The shaft 10 is an axis of the rotating rotor 20 . The shaft 10 may be fixed without rotation. The shaft 10 may be coupled to the first cover 60 . Alternatively, the shaft 10 may be integrally formed with the first cover 60 .

The rotor 20 is rotatably coupled to the shaft 10 . Also, the rotor 20 may be disposed inside the stator 30. The rotor 20 rotates through electrical interaction with the stator 30.

The stator 30 may be coiled to cause electrical interaction with the rotor 20 . The specific configuration of the stator 30 is as follows. The stator 30 may include a stator core 31 including a plurality of teeth. The stator core 31 may be provided with an annular yoke portion, and may be provided with teeth on which a coil is wound in a central direction from the yoke. Teeth may be provided at regular intervals along the outer circumferential surface of the yoke portion. Meanwhile, the stator core 31 may be formed by stacking a plurality of plates in the form of thin steel plates. In addition, the stator core 31 may be formed by combining or connecting a plurality of split cores.

The insulator 40 may be mounted on the stator core 31 . The insulator 40 serves to insulate the stator core 31 and the coil. The insulator 40 may be disposed above the stator core 31 .

The bus bar terminal 50 may be mounted on the insulator 40 . The bus bar terminal 50 is electrically connected to the coil of the stator 30.

The first cover 60 is disposed below the stator 30. The first cover 60 may be a cylindrical member with an open top. The first cover 50 may be disposed to surround a lower portion of the stator 30 .

The printed circuit board 70 may be disposed on the lower surface of the first cover 60 . Various electronic devices including an inverter for supplying power may be disposed on the printed circuit board 70 .

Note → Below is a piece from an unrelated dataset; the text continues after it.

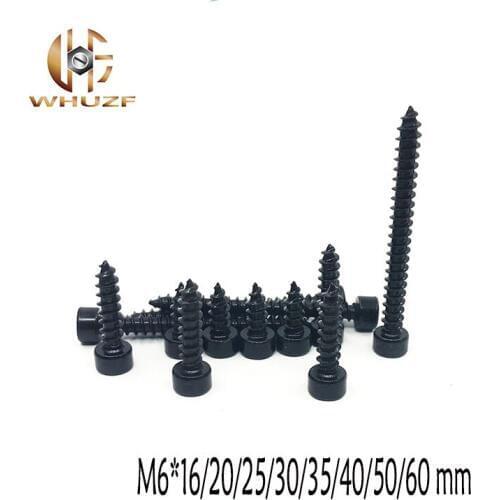 20pcs M6 *16/20/25/30/35/40/50/60 mm Carbon Steel With Black Hexagon Socket Cap Head self tapping screw Model Screw M6 SCREWS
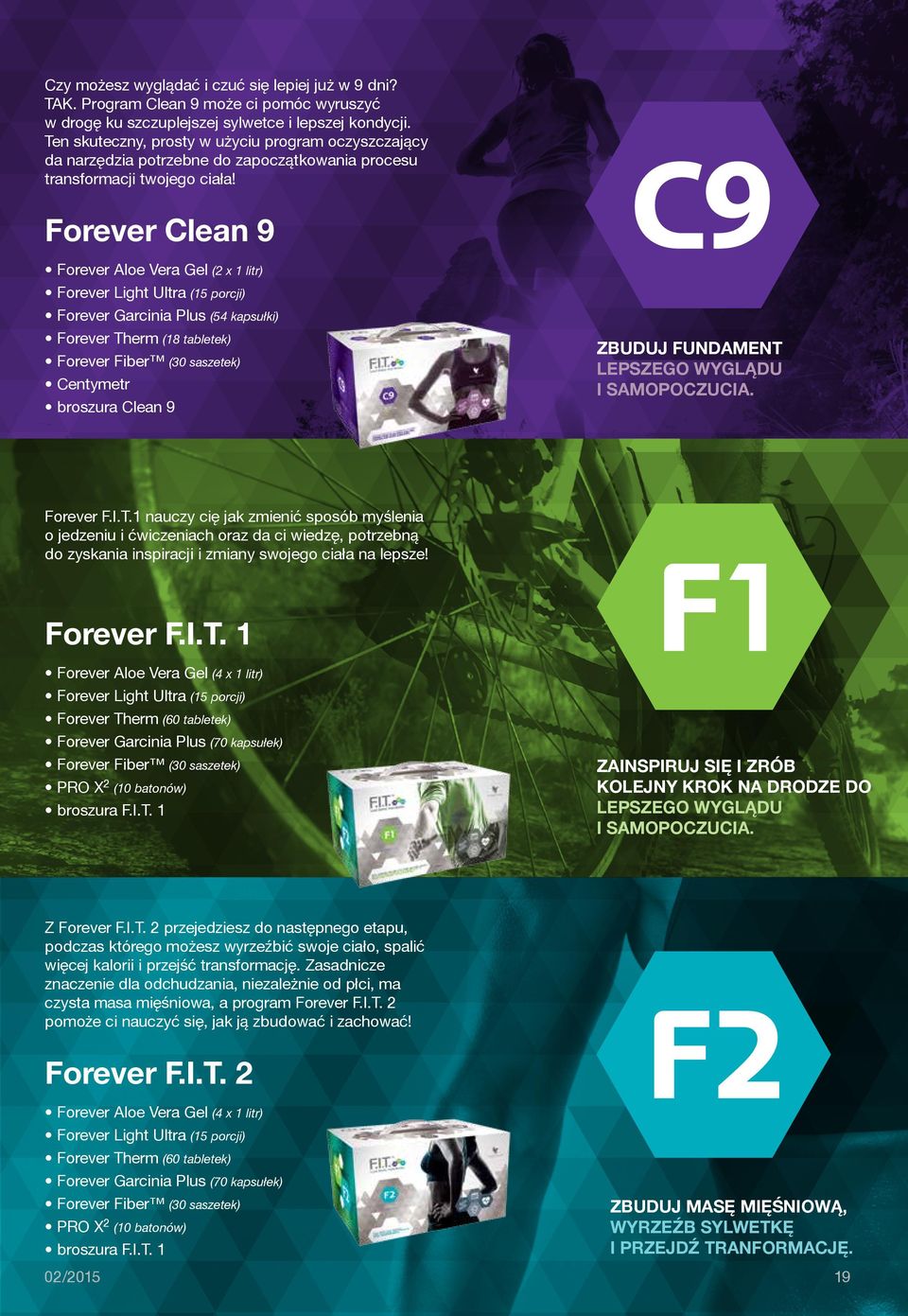 Forever Clean 9 Forever Aloe Vera Gel (2 x 1 litr) Forever Light Ultra (15 porcji) Forever Garcinia Plus (54 kapsułki) Forever Therm (18 tabletek) Forever Fiber (30 saszetek) Centymetr broszura Clean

The second cover 80 may be disposed on the lower surface of the first cover 60 . The second cover 80 is combined with the first cover 60 to accommodate the printed circuit board 70 therein. The second cover 80 covers the printed circuit board 70 to protect the printed circuit board 70 . A connector (not shown) electrically connected to the printed circuit board 70 may be disposed on the second cover 80 .

3 is an exploded perspective view of the rotor in FIG. 1;

Referring to FIG. 3 , the rotor 20 may include a rotor core 100, a magnet 200, a bearing holder 300, a first bearing 400, and a second bearing 500. . Here, the first bearing 400 and the second bearing 500 are accommodated in the bearing holder 300 . The first bearing 400 may be disposed upward relative to the second bearing 500 .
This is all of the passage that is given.